The Book that Predicted the Tea Party Movement & Donald Trump

Updated Single-Page Chart


"Berlet and Lyons show how large numbers of disaffected Americans have embraced right–wing populism in a misguided attempt to challenge power relationships in U.S. society. Highlighted are the dangers these groups pose for the future of our political system"

---------------------------------------------------------------------------------- Publisher Blurb (2000)

"This detailed historical examination...strikes an excellent balance between narrative and theory. The authors see common threads in populist ideology, including the distrust of non-producing elements (such as bankers), the scapegoating of groups (Jews or gays), and the use of
apocalyptic narratives to present ideas to followers."

-Library Journal: Stephen Hupp, Urbana University, OH

What are the Core Elements of Right-Wing Populism?

From the Book:

Populism: Progressive or Regressive?

-Progressive Populism can challenge the status quo and out-organize elites with mass movements that accomplish real change by working outside of political parties to force fundamental changes in economic, political, and social structures.

-Regressive Right-Wing Populism claims to defend “the people” against a threat by crafty elites or sinister subversives.

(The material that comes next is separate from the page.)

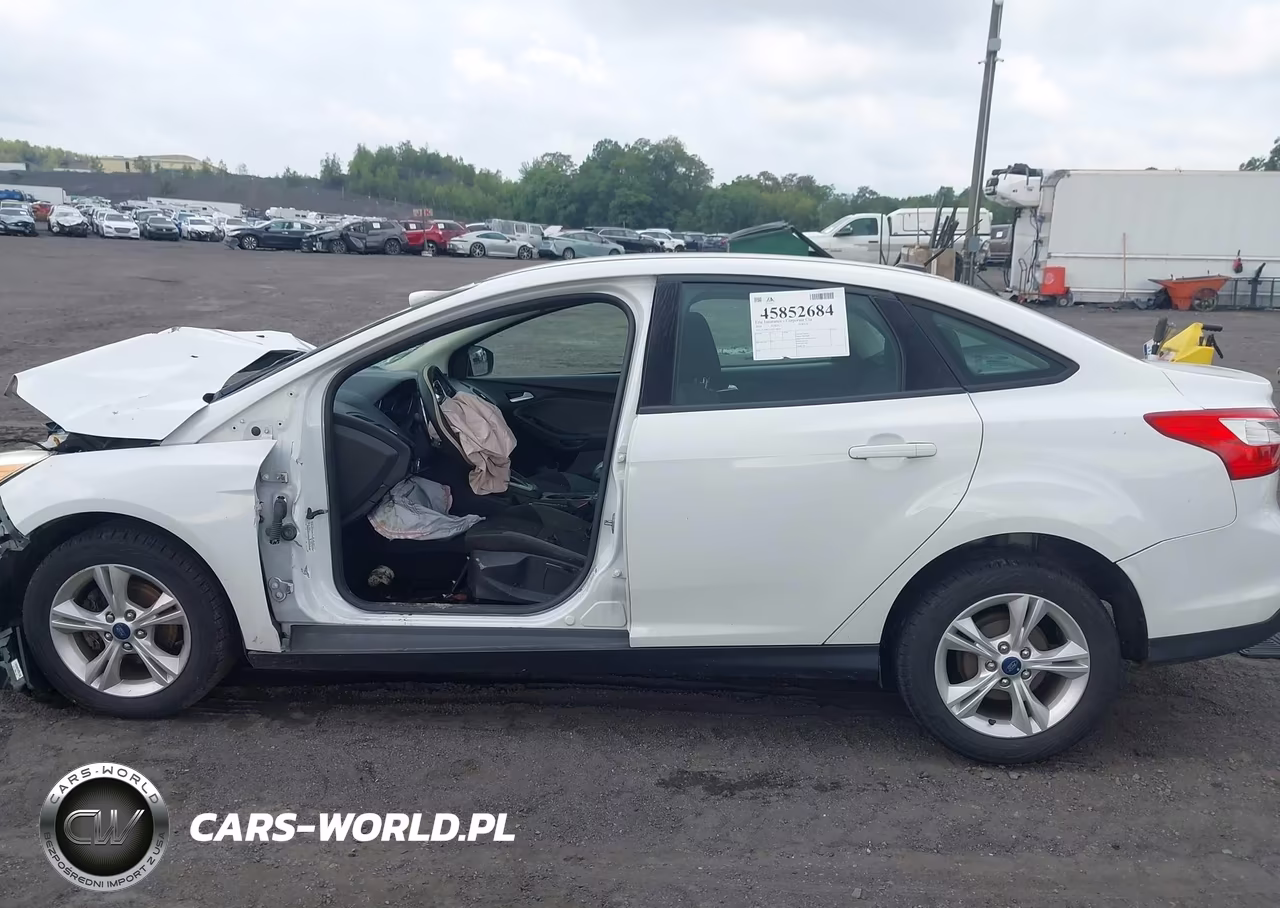 2014 Ford Focus Se VIN:1FADP3F25EL338674 - 14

Throughout history, however, right-wing populism has been manipulated by demagogues to attack a demonized scapegoated group. This mobilizes a mass base that merely replaces one faction of the 1% with another.


Michael Kazin calls populism a style of organizing. A populist movement—as opposed, for example, to one-shot populist appeals in an election campaign—uses populist themes to mobilize a mass constituency as a sustained political or social force.


Canovan argues: all forms of populism “involve some kind of exaltation of and appeal to ´the people,´ and all are in one sense or another antielitist.” We take these two elements—celebration of “the people” plus some form of antielitism—as a working definition of populism.


A populist movement—as opposed, for example, to one-shot populist appeals in an election campaign—uses populist themes to mobilize a mass constituency as a sustained political or social force. Our discussion of populism will focus mainly on populist movements.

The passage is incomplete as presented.